Japanese composer and pianist Saburo Moroi was German-trained. He was Japan’s first great symphonist and his music was influenced by Paul Hindemith. He came from the family that founded the Chichibu Cement Co., now part of Taiheiyo Cement Corporation (Pacific Ocean Cement Corporation). After graduation from the University of Tsukuba high school, Moroi enrolled at the Faculty of Letters of the Tokyo Imperial University. At the same time he started studying piano under Austrian Willy Bardas and Russian Leonid Kochanski.
In 1927 Moroi was one of the founders of the music group Surya performing modern classical music including his own works. Moroi moved to Germany in 1932 for further studies in Berlin at the Music High School under Leo Schrattenholz, Max Trapp and Walter Gmeindl, where he composed his Symphony No. 1. His most fruitful years were the period from 1934 (his return to Japan) to 1939 with symphonies, orchestral works, chamber and piano music but also some vocal pieces. In 1944 Moroi wrote Symphony No. 3, written like a farewell letter preparing for death during his service in World War II.

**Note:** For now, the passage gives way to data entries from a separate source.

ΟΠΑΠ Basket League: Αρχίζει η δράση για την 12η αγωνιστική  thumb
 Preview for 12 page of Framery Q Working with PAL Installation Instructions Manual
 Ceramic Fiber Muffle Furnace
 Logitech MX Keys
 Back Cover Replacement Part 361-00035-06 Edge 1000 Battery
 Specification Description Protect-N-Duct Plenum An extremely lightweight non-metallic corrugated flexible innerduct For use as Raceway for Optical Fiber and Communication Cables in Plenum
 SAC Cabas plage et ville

After World War II, Moroi only wrote a limited number of works including Symphony No. 4 influenced by Russian classical music. However, he played a major role in the re-organization of music public education in Japan. From 1965-76 Moroi was a director of the Tokyo Municipal Orchestra, then head of the Music Department at the University of Kawasaki. In his later days he concentrated on teaching and writing books on music theory. His son Makoto Moroi was also a composer. The work Olympiade presented at the 1936 Arts Competitions was probably one of his symphonic fragments written in his early years as a composer in the late 1920s.